Ho sempre contestato all'associazione alla quale sono iscritto l'eccessiva autoreferenzialità (in effetti, a rileggere i miei interventi si coglie sempre l'invito ad aprirsi al territorio, cogliendone di persona le criticità e anche le contraddizioni). Ebbene, sarebbe paradossale che tale critica si riversasse ora su di me.
Mi spiego meglio: sono convinto che un libero confronto in tanto si stabilisce in quanto vi è una pluralità di soggetti pronti a contribuire alla soluzione di determinati problemi fino a individuare una sintesi efficace. E' così o no?

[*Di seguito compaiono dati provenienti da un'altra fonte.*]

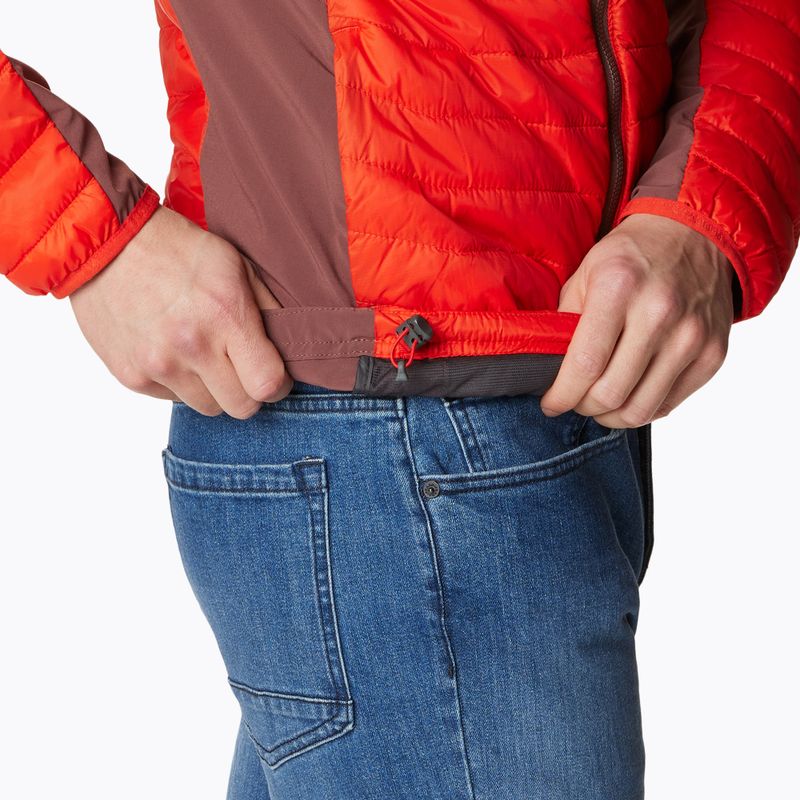 Columbia Powder Pass Giacca ibrida da uomo con cappuccio, speziata e leggera uvetta 7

Nello specifico mi chiedo: dovrei confrontarmi con me stesso, dal momento che le associazioni sfuggono al dibattito? Non finirei così per essere, a mia volta, autoreferenziale?
No, cari signori. Non ne sarei capace..
A volte penso che, come genitori, soffriamo di problemi molto più grandi di quelli che affliggono i nostri figli. Prigionieri di una grave soggezione culturale deleghiamo tutto a tutti, senza accorgerci del fallimento che è sotto i nostri occhi. Chi più di noi, che viviamo ogni giorno sulla nostra pelle drammi così complessi, conosce davvero la realtà e può proporre ai tecnici soluzioni che restituiscano dignità e diritti ai nostri figli?
E imporle alle istituzioni, senza sotterfugi e ambiguità?
Si continua invece, pervicacemente, ad andare nella direzione sbagliata, perpetuando strategie e alleanze che, nella migliore delle ipotesi, rappresentano un "deja vu" destinato a lasciare senza risposta una lunga serie di domande.
Mi sbaglierò, ma quello che vedo è la voglia di limitarsi a coltivare solo il proprio orticello, facendo finta che intorno non vi sia un campo enorme da arare con pazienza, umiltà e soprattutto fermezza, per arrivare davvero preparati alla mietitura e alla raccolta.
Pur in presenza di questo quadro disarmante non abdico però all'impegno che mi sono assunto. E' una promessa che ho fatto a Gabriele e a quelli come lui!